Mixed martial arts career

Early career

Amateur 
In 2009, Enkamp received an invitation to the summer camp MMA-Academy and he signed up as the only participant from the club. Once in place, a whole new world opened up for him when he realized how deep one could dive into the technical and tactical aspects of the sport. It was the starting shot for what would be his professional MMA career. In 2010 he started competing in shootfighting (today called MMA class-B) and the following year they introduced Amateur MMA (today called MMA class-A) which he competed successfully in and became the first Swedish champion in 2011 after a six-second KO in the final match. The following year, 2012, he defended his title as Swedish champion in welterweight (-77.1 kg) before he with an amateur result of 14-1 decided to start competing professionally.

Professional 
Prior to his professional debut, Enkamp went to the Alliance Training Center in San Diego, CA, USA. There he lived upstairs in the gym for two months and trained with i.a. Ross Pearson, Jeremy Stephens, Brandon Vera, Phil Davis and Dominick Cruz. As prepared as he could be, he went since his debut match on March 9, 2013 at IRFA 4 against the Finn Kari Paivinen and won via reverse triangle throttling in the third round.

Before the next match in IRFA, Enkamp played a match at the Scanian organization Trophy MMA's second gala where he 1 June 2013 won his second professional match via rear-naked in the second round against the Swede Erik Greissen.  After that, he spent a summer with his brother in Hawaii and visited BJ Penn's gym in Hilo.

Then back under IRFA's flag, he met Georg the Swede Guram Kutateladze on April 5, 2014 at IRFA 6 and won by unanimous decision.

When he then returned to the USA, he made it to the American Top Team to wrestle with e.g. Thiago Alves and sparred with Gleison Tibau. Six months later at IRFA 7 on 22 November 2014, Enkamp met the Pole Lukasz Bieniek, whom he defeated via submission late in the second round.

In the spring of 2015, Enkamp flew to Las Vegas to participate in the competitions for the TV series The Ultimate Fighter, where he joined the European team coached by Conor McGregor. The following summer, there was a training trip to Lyoto Machida's dojo in Belém, Brazil, where he made good contact with the former UFC champion and advice on what would lead him to a future contract with the UFC. However, a knee injury from training in Brazil put a stop to the TUF opportunity.
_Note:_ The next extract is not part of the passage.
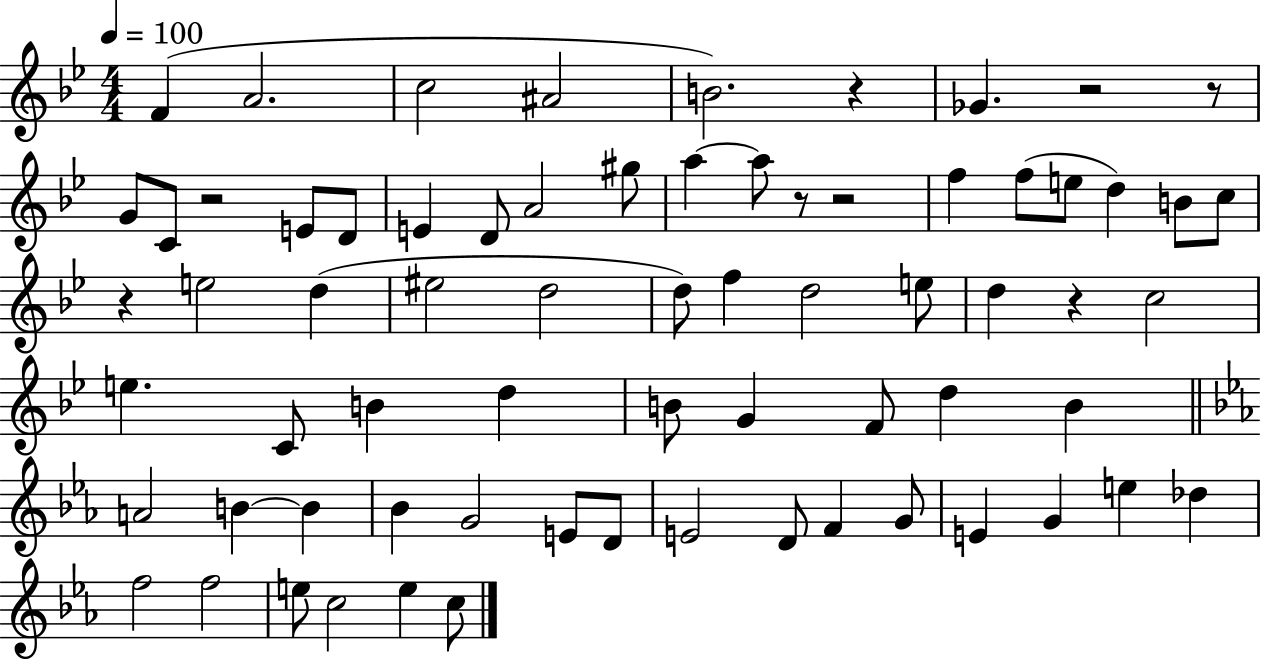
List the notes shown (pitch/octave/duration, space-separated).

F4/q A4/h. C5/h A#4/h B4/h. R/q Gb4/q. R/h R/e G4/e C4/e R/h E4/e D4/e E4/q D4/e A4/h G#5/e A5/q A5/e R/e R/h F5/q F5/e E5/e D5/q B4/e C5/e R/q E5/h D5/q EIS5/h D5/h D5/e F5/q D5/h E5/e D5/q R/q C5/h E5/q. C4/e B4/q D5/q B4/e G4/q F4/e D5/q B4/q A4/h B4/q B4/q Bb4/q G4/h E4/e D4/e E4/h D4/e F4/q G4/e E4/q G4/q E5/q Db5/q F5/h F5/h E5/e C5/h E5/q C5/e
On September 17, 2016 at IRFA 10, it was time for the next match. This time against the Dutchman Arne Boekee in the gala's main match which Enkamp defeated via armbar / triangle in the second round.

Superior Challenge 
Less than a month after his last match in IRFA, Enkamp went up against the Brazilian Rickson Pontes at SC 14. After a tough match, Enkamp won via unanimous decision and was noticed by Swedish newspapers.

About six months later, April 1, 2017 came the next match in SC 15 where he met the Dane Frodi Vitalis Hansen and won via TKO already in the first round.
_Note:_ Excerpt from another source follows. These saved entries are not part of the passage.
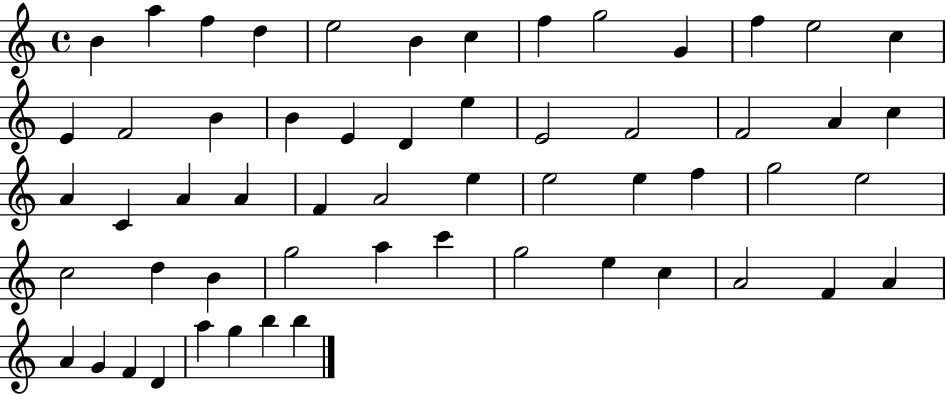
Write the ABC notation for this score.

X:1
T:Untitled
M:4/4
L:1/4
K:C
B a f d e2 B c f g2 G f e2 c E F2 B B E D e E2 F2 F2 A c A C A A F A2 e e2 e f g2 e2 c2 d B g2 a c' g2 e c A2 F A A G F D a g b b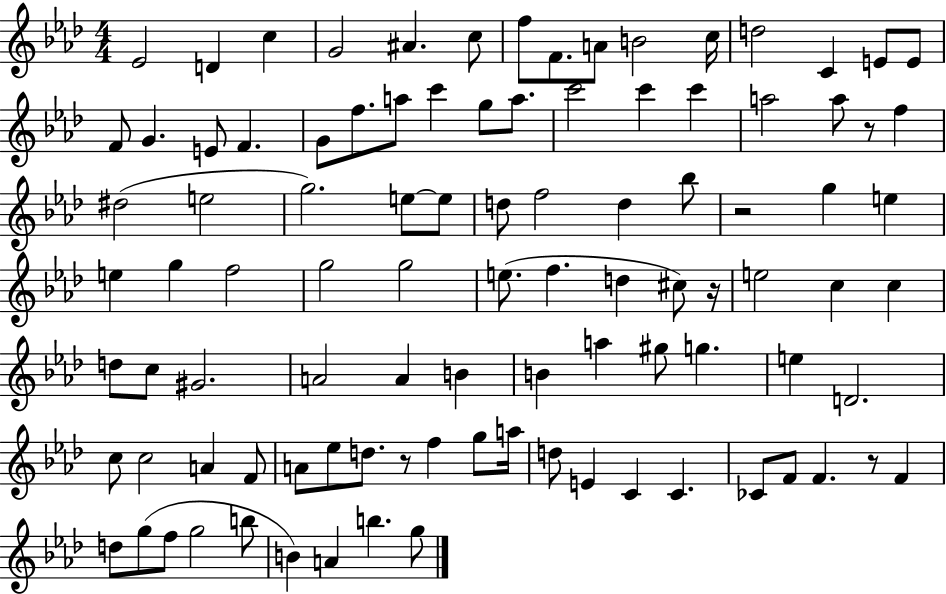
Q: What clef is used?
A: treble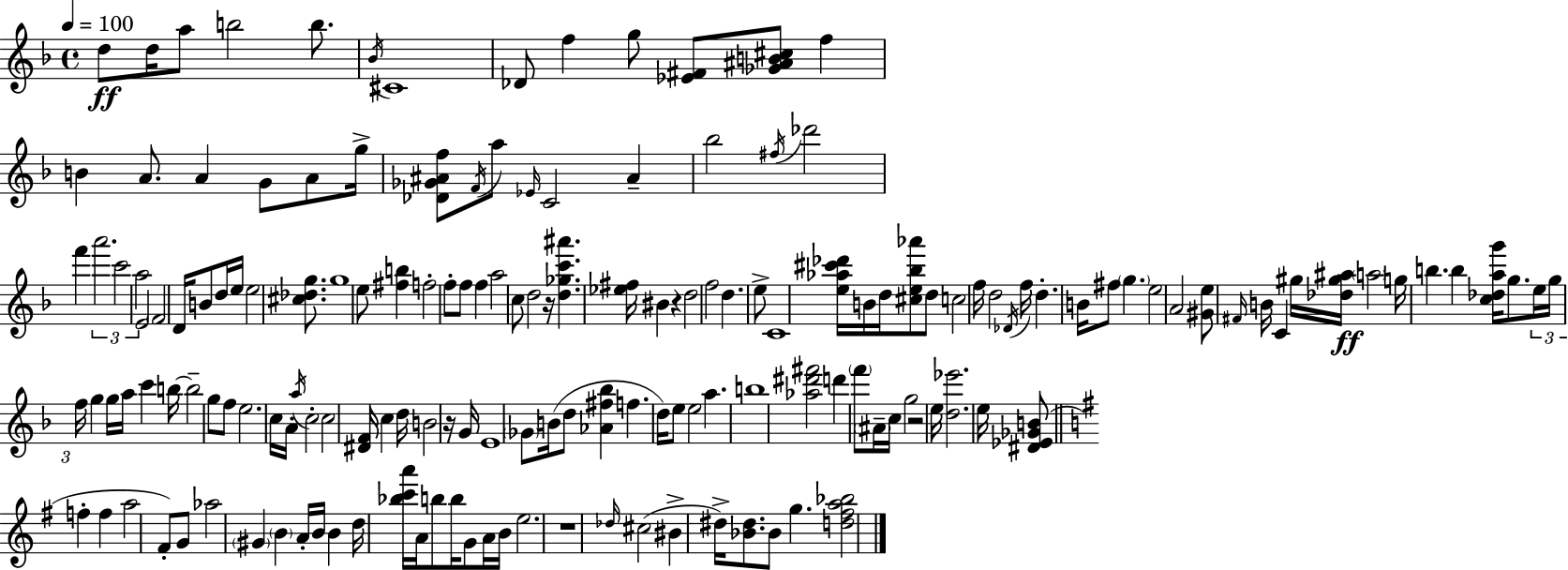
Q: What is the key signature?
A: D minor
Ultimate Fighting Championship
Enkamp, as a replacement for Emil Weber Meek, made his UFC debut on short notice on 28 May 2017 at UFC Fight Night: Gustafsson vs. Teixeira. He lost the fight by unanimous decision.

Enkamp faced Danny Roberts on 17 March 2018 at UFC Fight Night: Werdum vs. Volkov. He lost the fight via knockout in the first round.
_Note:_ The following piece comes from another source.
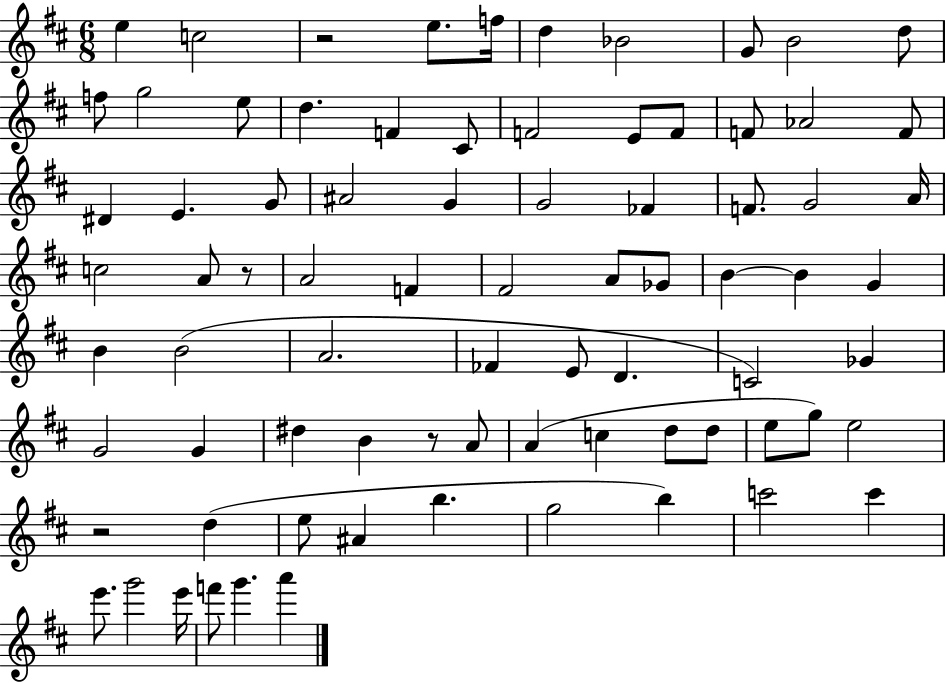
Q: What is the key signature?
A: D major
After his second straight loss, he was released from the UFC.

Bellator MMA 
Enkamp made his Bellator debut against Walter Gahadza on June 22, 2019 at Bellator 223. He won the bout via rear-naked choke at the end of the first round.

Enkamp's next match in Bellator was confirmed on August 8 and it was against the Italian Giorgio Pietrini on October 12, 2019 at Bellator 230 and was the second main match, co-main.  On 17 September, MMAjunkie announced that Giorgio Pietrini had been removed from the card due to illness and that Bellator was looking for a new opponent for Enkamp, and on 26 September, Enkamp himself announced via instagram that the match had been canceled.

In his sophomore performance, Enkamp faced Lewis Long on February 22, 2022 at Bellator 240. He scored a highlight finish, knocking out spinning back fist in the first round.

Enkamp faced Emmanuel Dawa on October 10, 2020 at Bellator 248. He scored a japanese necktie to win the bout in the first round.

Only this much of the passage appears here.